+3
TAÇ ÇAKRA:
- Bu çakra, başımızın tepesinde en orta noktada yer alır.
- Yaşam alanı:Kozmik (evrensel) bilinç, ruhsallık, birlik.
- Yaşam sorunu: Kendini tanıma-bilme.
- Diğer çakraların dengesiz ya da yetersiz çalışması durumu tepe çakra için geçerli değildir. ihtiyacımız olan hayat gücünün geldiğine inanılan bağlantı noktasıdır. Aura bedenlerini evrene ve ilahi olana bağlayan gümüş kordon, taç çakradan çıkar.
- Ruhsallığı, her şeyle birlik olma duygusunu simgeler. Aynı zamanda yuva ve evi de simgeler.
- Çakranın uyumsuz olduğu durumlarda kişi paranoyaya yakın ölüm korkusu yaşar. Ruhsallığı inkar etmeye ve kaçmaya eğilim gösterir, akıl ve mantıkla evrendeki her şeyi açıklamaya çalışır. Aşırı egosantrik bir kişiliğe sahip olabilir, sorular içinde boğuşur ve hiç birine cevap bulamaz, manik depresif bir ruh halinde olabilir, cinselliğini ifade etmede sapkın davranışlar sergileyebilir. Birileri tarafından engellenme korkusu yaşar, memnuniyet ekgibliği, yıkıcı hisler, panik ve tükenmişlik duygusu, ait olamama hissi, depresyon ve migren görülür.

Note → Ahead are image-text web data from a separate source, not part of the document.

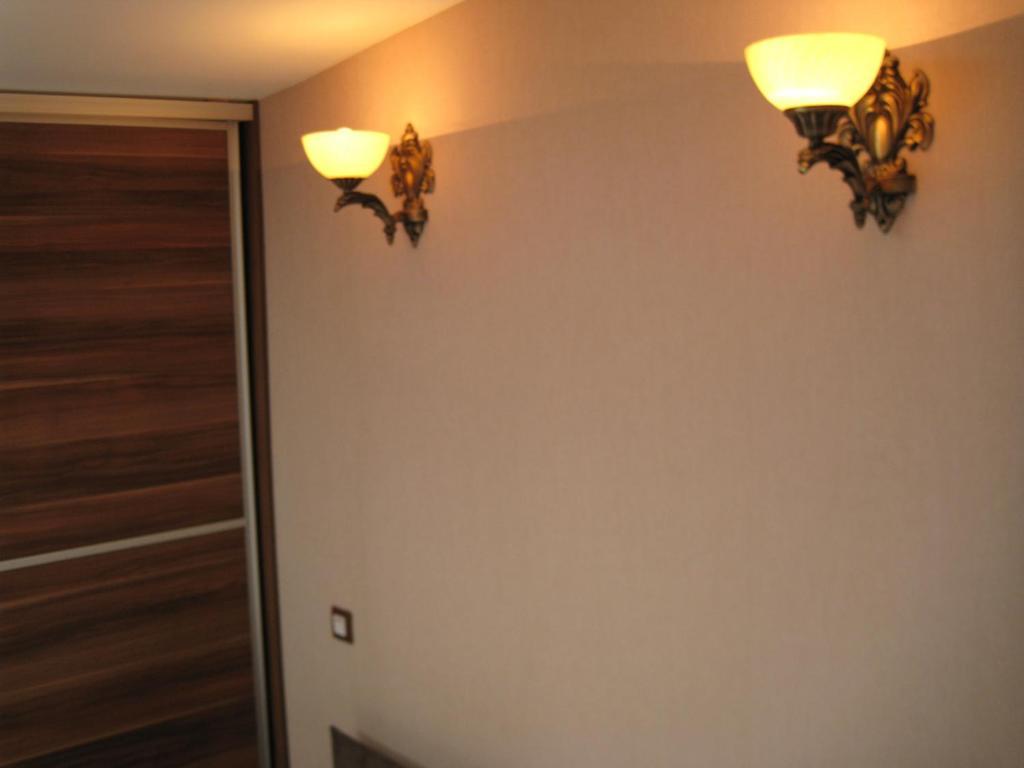 Domus Aparthotel Скоп'є Екстер'єр фото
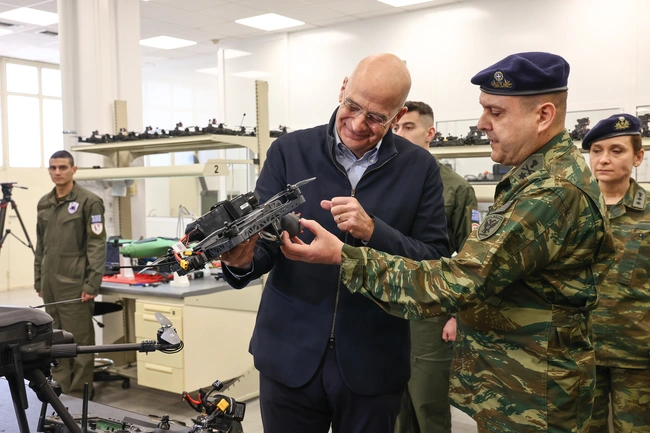 Επίσκεψη Δένδια σε εργοστάσιο κατασκευής drone των ενόπλων δυνάμεων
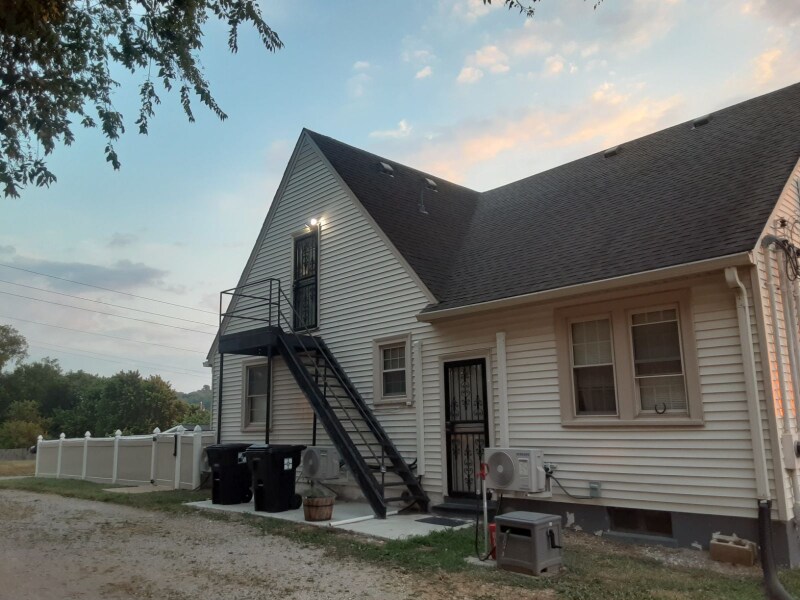 Primary Photo - 506 Pickens Ln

- Çakranın uyumlu olduğu durumlarda; Kişi bireysel egosunu bırakır ve evrensel egoyu kabullenerek her şeyle birlik olma duygusunu deneyimler. Bolluk ve sonsuz mutluluğun saf bilincinde yaşar. Kendini ruhsallığa açarak bilinçaltına tam hakimiyet kurar. Hayattaki mucizeleri deneyimler.
- Rengi menekşe mor’udur.
- Taşı; Kuartz, elmas, opal, ametist’tir.
- Uygun müzik; Sessizlik ve derin vech hali.
Tepe çakrası (taç çakra) birliği temsil eder. Bu birlik, o güne dek yaşanan bütün sorunları başarıyla çözmenin neticesinde oluşur. Problemi çözme, her zaman ilk 6 çakra arasında gelişir ve sonrada bilinci yükseltir. işte bu yükselen bilinç hali, tepe çakrasına işlenir. Tepe çakrası, her sorun çözmede daha fazla döner ve daha fazla açılır.
Tepe çakrası aynı zamanda evrensel bilincin alanıdır. Tepe çakrasının aşırı bir biçimde açılması, insanın “aydınlanma” haline ulaşması haline gelir. Uzun süre taşınabilmesi mümkün olmadığından, aydınlanma durumu uzun süreli değildir. Aydınlanma, polarite’nin (zıt kutupluluğun) aşılması hali, bir’liktir. Kişi bu haldeyken, hem kendisini herkesle ve her şeyle bağlı hisseder, hemde her nesneyi, her bitkiyi, her insanı kendiliğinin bir parçasıymış gibi algılar.
Aslında hepimiz, günlük hayatta karşılaştığımız bir sorunu çözdüğümüzde (çok kısa sürelide olsa) küçük bir “aydınlanma hali” yaşarız. Çünkü sorunu çözmek, ilgili olan zıt kutupluluğu aşmak demektir.
Genellikle sorunları çözdüğümüzde, üzerimizden kalkan ağır bir yük hisseder, hafifleriz. Bu tepe çakramızın açılarak, daha yüksek bir frekansta titreşmesine yakından şahit olma durumudur.